DATASET RECORDS ▸
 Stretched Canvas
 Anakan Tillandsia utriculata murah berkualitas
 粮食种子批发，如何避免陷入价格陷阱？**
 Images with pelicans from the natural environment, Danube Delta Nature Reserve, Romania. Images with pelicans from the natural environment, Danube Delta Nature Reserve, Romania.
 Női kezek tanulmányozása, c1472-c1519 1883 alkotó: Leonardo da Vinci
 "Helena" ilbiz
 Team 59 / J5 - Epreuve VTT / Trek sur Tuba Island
...
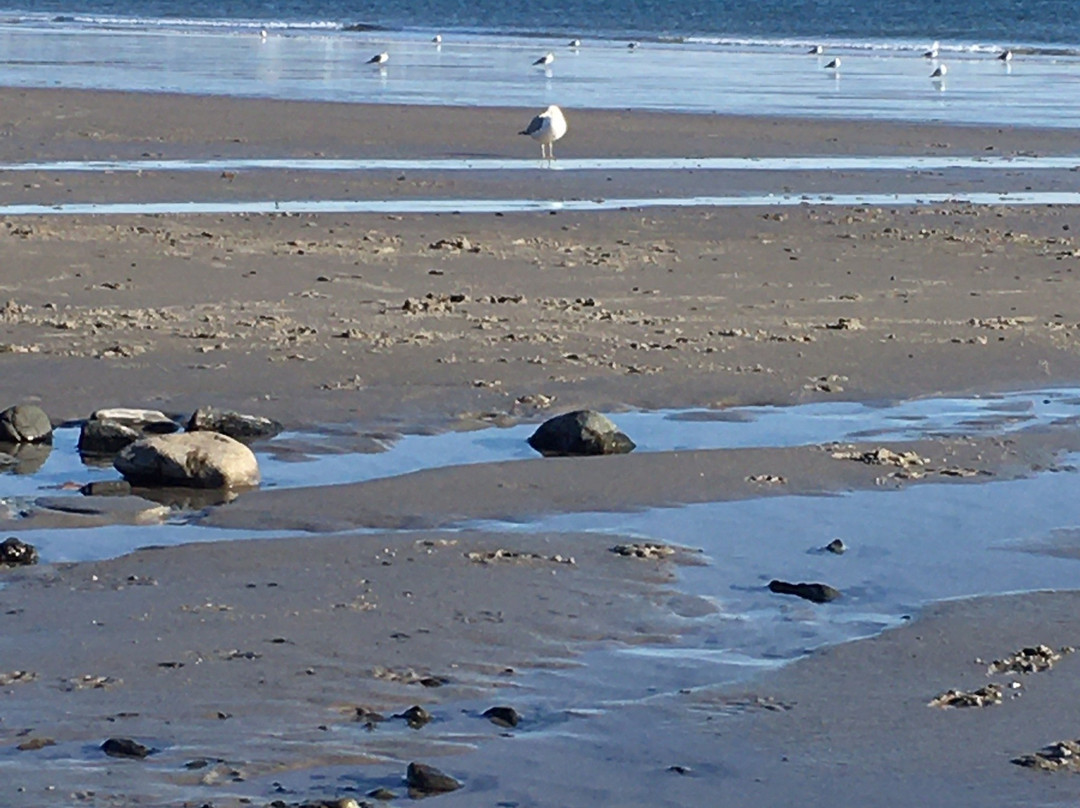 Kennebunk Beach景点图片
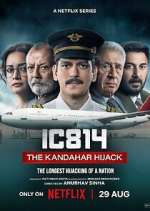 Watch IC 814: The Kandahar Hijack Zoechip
--
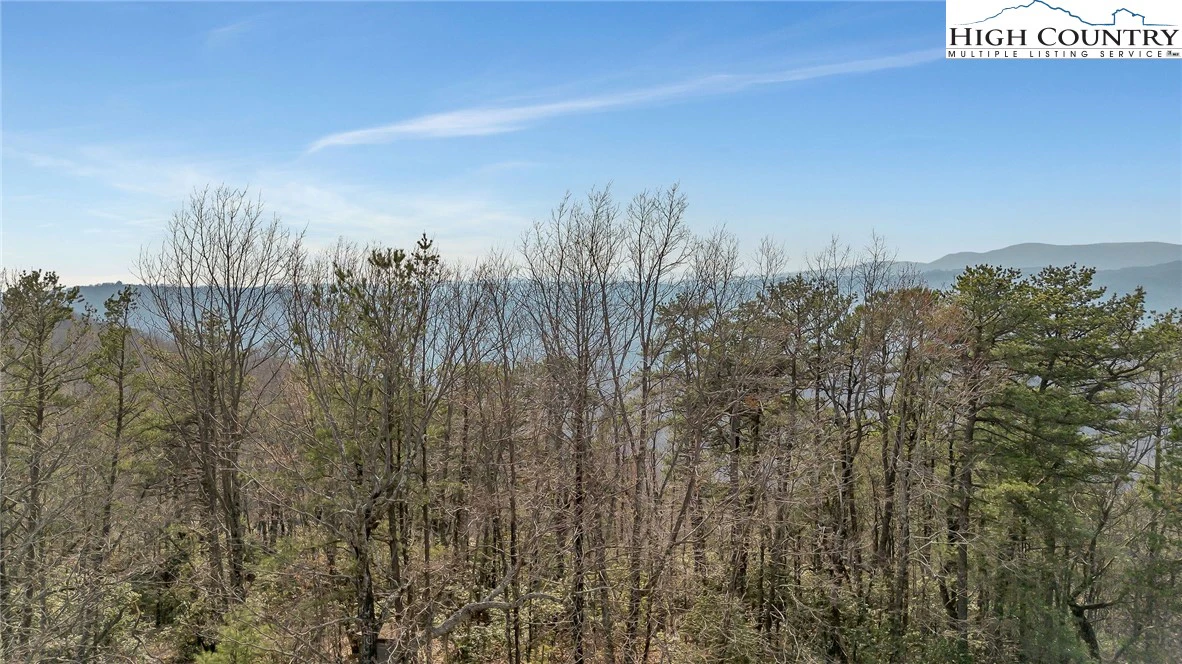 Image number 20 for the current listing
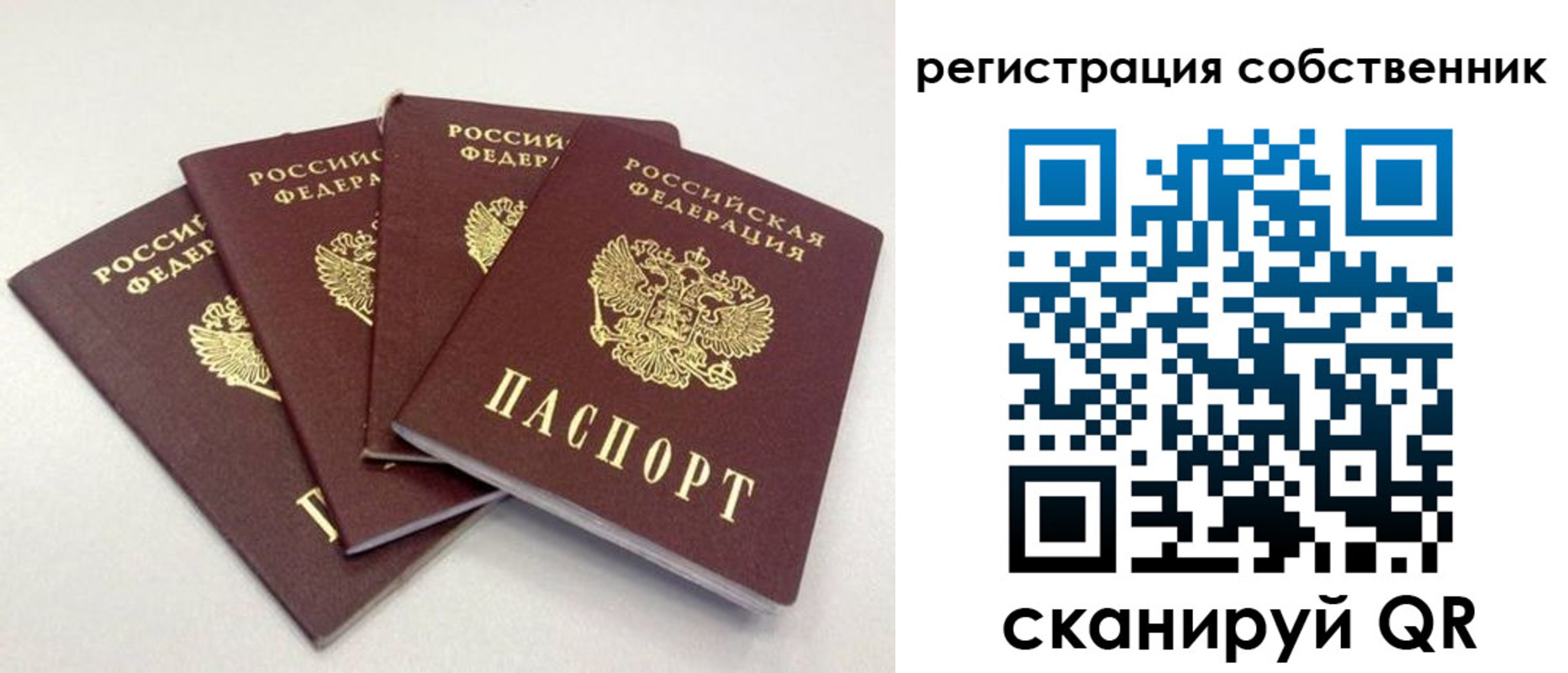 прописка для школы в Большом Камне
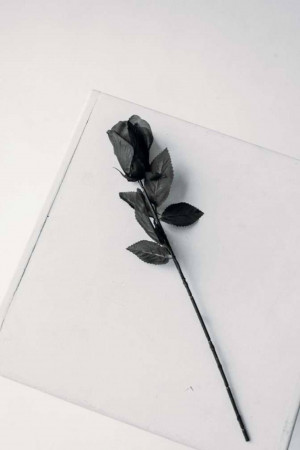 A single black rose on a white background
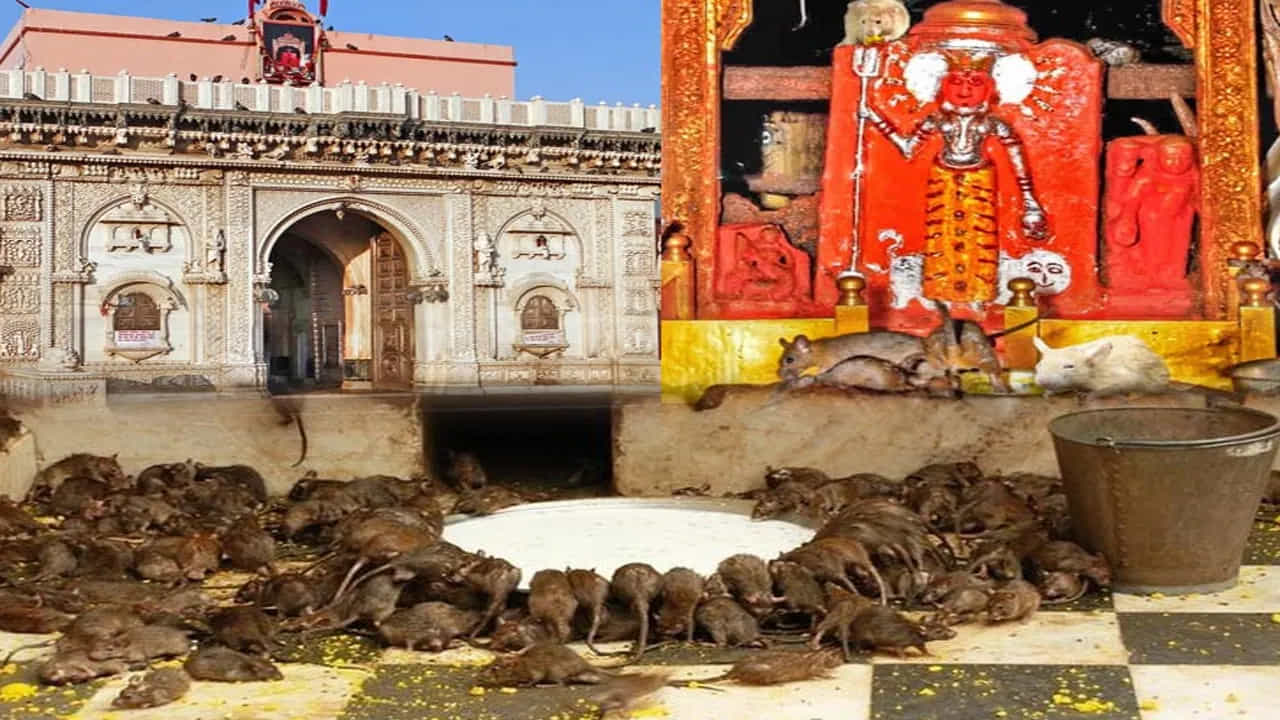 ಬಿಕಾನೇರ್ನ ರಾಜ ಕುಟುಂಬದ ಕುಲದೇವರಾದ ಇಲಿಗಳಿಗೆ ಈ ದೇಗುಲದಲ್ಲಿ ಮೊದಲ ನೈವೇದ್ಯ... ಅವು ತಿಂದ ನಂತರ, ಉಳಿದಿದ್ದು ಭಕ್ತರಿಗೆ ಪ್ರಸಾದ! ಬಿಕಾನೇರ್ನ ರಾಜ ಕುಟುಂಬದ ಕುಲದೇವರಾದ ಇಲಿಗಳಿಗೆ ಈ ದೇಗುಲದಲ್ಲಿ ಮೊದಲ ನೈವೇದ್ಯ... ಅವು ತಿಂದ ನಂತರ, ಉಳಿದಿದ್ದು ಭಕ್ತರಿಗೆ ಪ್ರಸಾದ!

AIM OF THE EXERCISE ▸ Only the lines above from the one with "Stretched Canvas" through the one with "Team 59 / J5" should be duplicated, character for character.

YOUR SOLUTION ▸
 Stretched Canvas
 Anakan Tillandsia utriculata murah berkualitas
 粮食种子批发，如何避免陷入价格陷阱？**
 Images with pelicans from the natural environment, Danube Delta Nature Reserve, Romania. Images with pelicans from the natural environment, Danube Delta Nature Reserve, Romania.
 Női kezek tanulmányozása, c1472-c1519 1883 alkotó: Leonardo da Vinci
 "Helena" ilbiz
 Team 59 / J5 - Epreuve VTT / Trek sur Tuba Island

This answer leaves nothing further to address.